IPC clearification

Thread Starter

King2

Joined Jul 17, 2022
163
I've come across the term 'interprocess communication,' which is said to be the way two processes can communicate with each other in context of an operating system. However, I'm struggling to grasp what this means and how it works within an OS. As I understand, more than two tasks can share the same resource, allowing them to communicate. For example, one task can write a variable, and another task can read the same variable.

In this context, both are communicating with each other, so I don't understand how interprocess communication is different from task communication. How tow process communicate with each other?
 

ApacheKid

Joined Jan 12, 2015
1,762
Basically a "process" is an abstraction as is "task" or "thread" and so on. These abstractions do not have a universal definition either, different operating systems and runtimes use them in slightly different ways.

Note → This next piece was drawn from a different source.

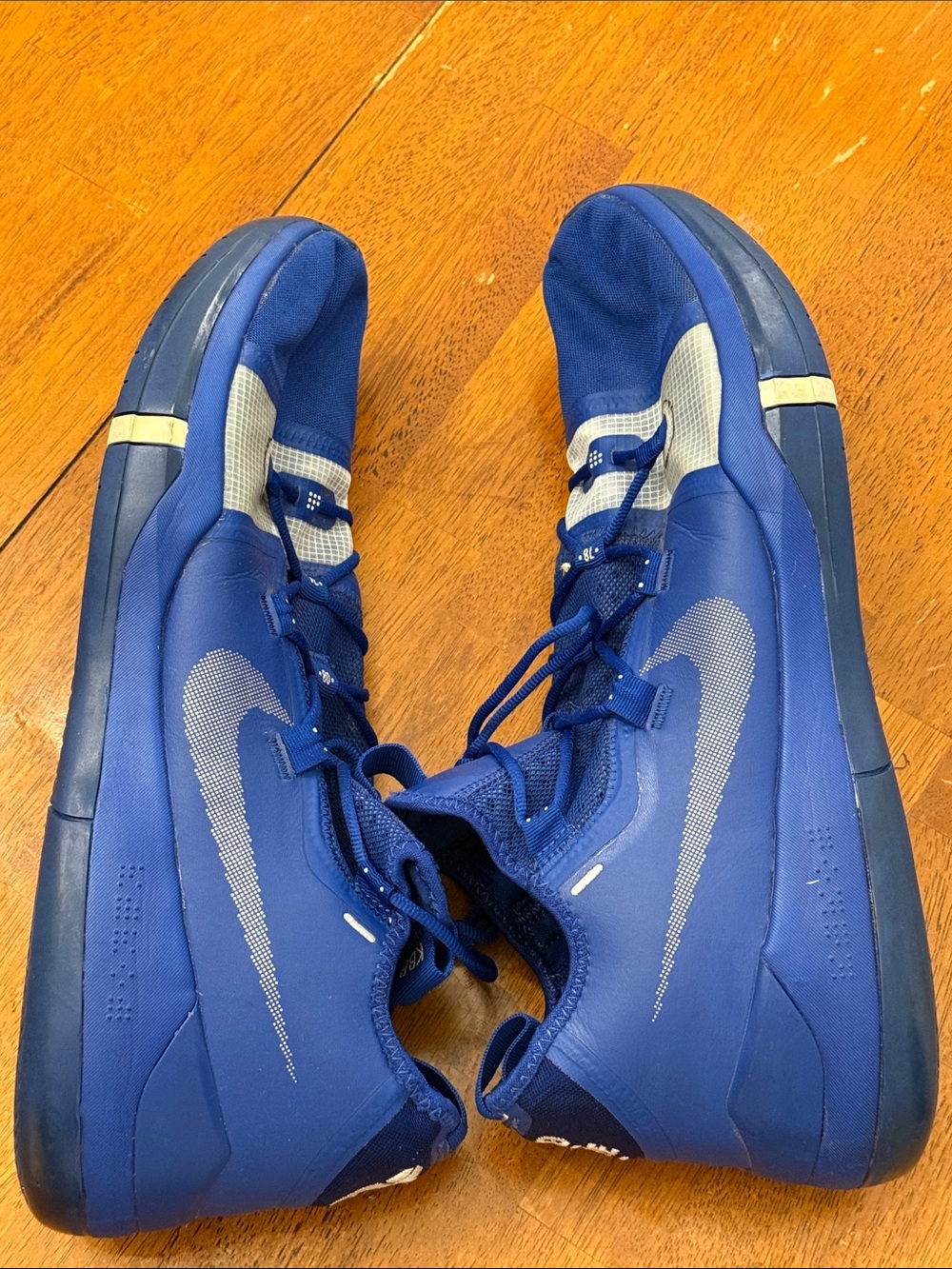 Nike Men's Royal Blue High-Top Athletic Sneakers with Silver Swoosh Kobe size 18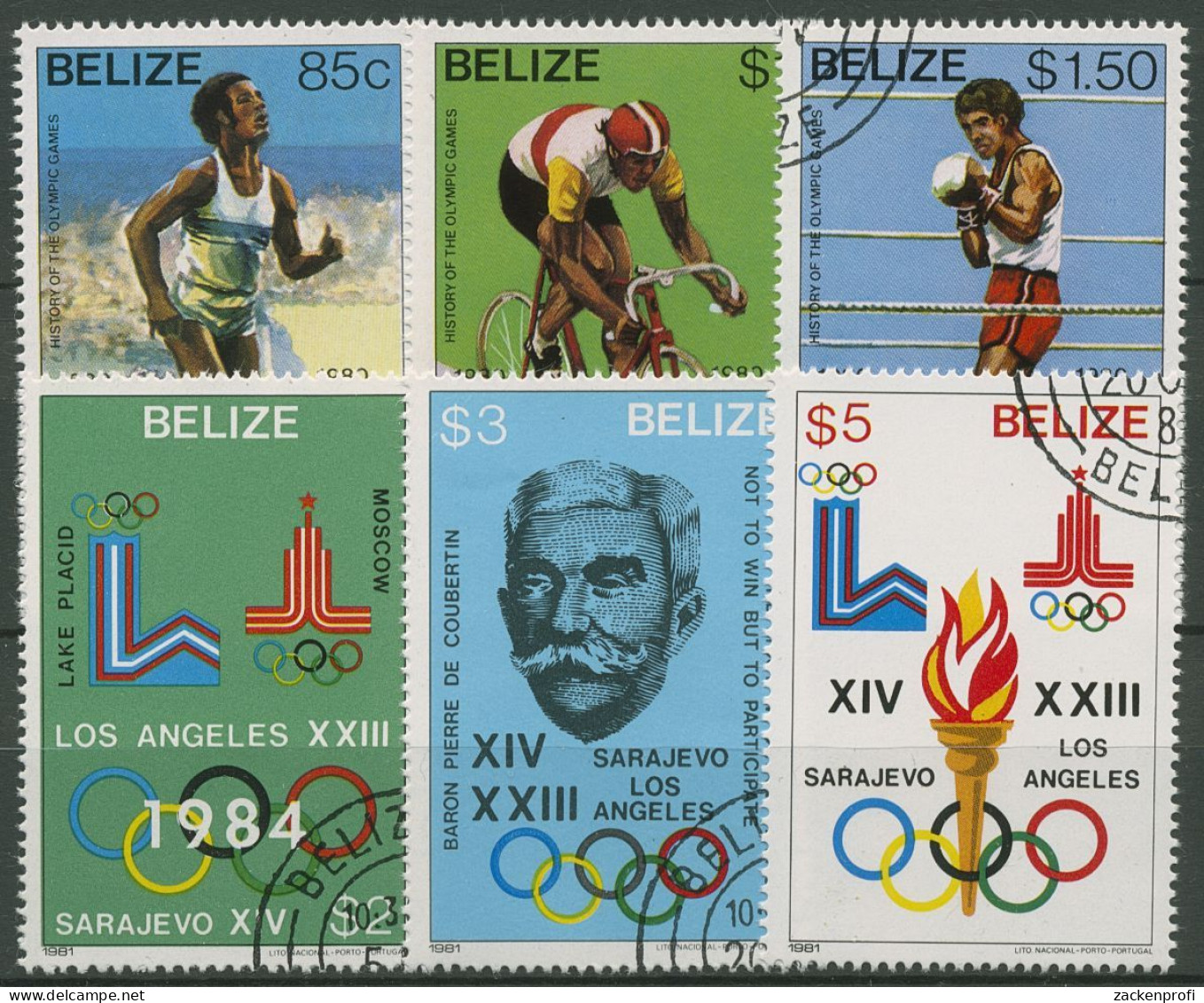 Belize 1981 Geschichte Der Olympischen Spiele 563/68 Gestempelt - Belize (1973-...)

The basic concept of a process though is pretty uniform, it refers to an abstraction where code has access to an address space (often a virtual address space) and only code within the process can access/update the memory within the address space.

With that model, code in one process cannot access memory within some other process (not ordinarily anyway) and so the term IPC is used to refer to mechanisms (exposed by the operating system) that enable this to be done. There are various ways to do this:

1. Files
2. Shared Memory
3. Events/Sempahores/Mutexes
4. Network IO

That's it really, that's my short answer.